◆ **Task objective**
Output, verbatim and without pictures, the lines from the first line of the listing through the line containing "Hello everyone, welcome".

(Recorded information)

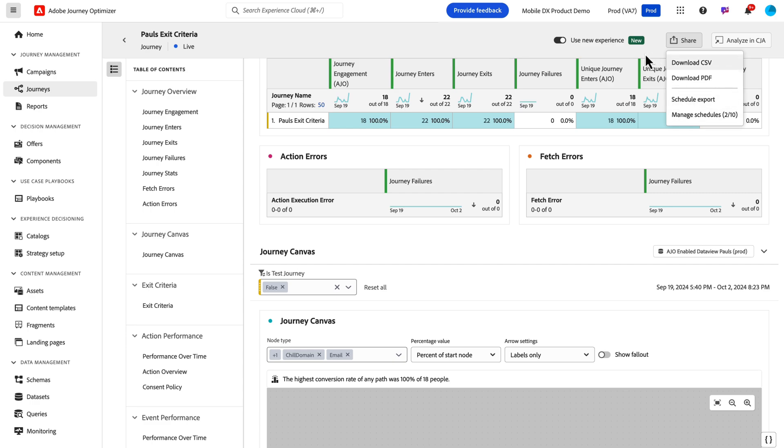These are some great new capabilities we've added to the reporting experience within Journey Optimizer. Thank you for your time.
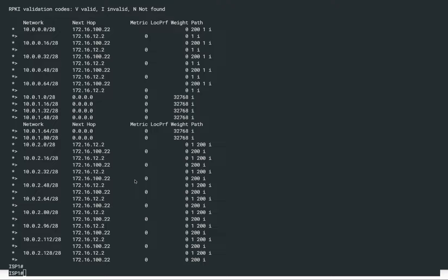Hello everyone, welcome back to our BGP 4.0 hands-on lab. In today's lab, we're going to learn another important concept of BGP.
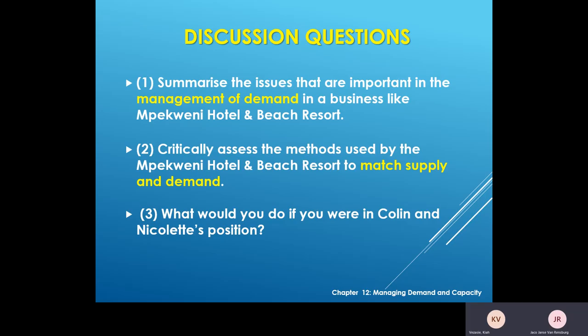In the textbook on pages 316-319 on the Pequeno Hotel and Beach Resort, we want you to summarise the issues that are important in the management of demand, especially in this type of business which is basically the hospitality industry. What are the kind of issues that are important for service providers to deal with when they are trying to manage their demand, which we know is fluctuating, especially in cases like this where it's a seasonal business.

(End Recorded information)

◆ **Response box**
These are some great new capabilities we've added to the reporting experience within Journey Optimizer. Thank you for your time.
Hello everyone, welcome back to our BGP 4.0 hands-on lab. In today's lab, we're going to learn another important concept of BGP.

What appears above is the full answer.